少年は右腕に加えて左腕、胸、さらには腹から吹き出す血すら構うことなく、魔法の理を引き剝がしにかかっていたからだ。
「……お、おい、お前。待て、それ以上やると、死――」
「あああ、あっ!」
それは奇しくも先ほどの構図の、逆転。
マダスカの言葉など聞こえていないかのように、エリューはさらに全身に力を込めていた。
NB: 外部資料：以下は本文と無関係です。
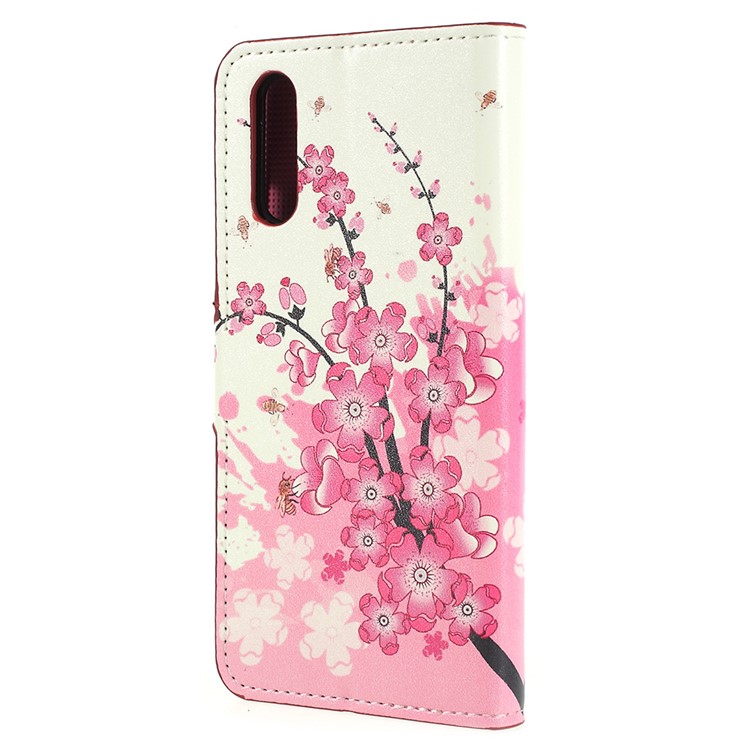 Pattern Printing PU Leather Stand Wallet Phone Case Accessory for Huawei P20 - Plum Blossom-3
エリューの身体は、さらにその両脚、遂には首筋からも出血が起こり、その周囲はまるで血の堀状態となる。
それにマダスカも、
「お……おいお前っ! 待て、やめろ、本当に死ぬぞ? オルビナさまの魔法は、完璧強固そのものだ。それ以上やっても、結局――」
「あああ――ああァッ!!」
ぶちっ、という何かが切れるような音。
それにマダスカは、惨状を覚悟した。
この目の前の少年の四肢が、バラバラに千切れ舞う様を幻視した。
しかし――
「ばか、な……」
少年は、立っていた。
縛り付けられていた場所より前に飛び出した形で、全身に無数の切り傷、出血――特に首の頸動脈から今も濁流のように溢れさせながら、しかし五体満足に。
「お前、なぜ……」
「オルビナっ!」
しかしエリューはマダスカの声など聞こえないかのように、道の先――オルビナが去った方向を見つめ、
「絶対に……死なせないっ!」
「…………」
その真っ直ぐな視線に、マダスカは打たれた。
自分がどれだけ慕おうとも、保身を一番に考えていたと糾弾されたようで。
「オルビ――」
「……待ちなさい」
駆けだそうとしたエリューに、後ろから声がかけられた。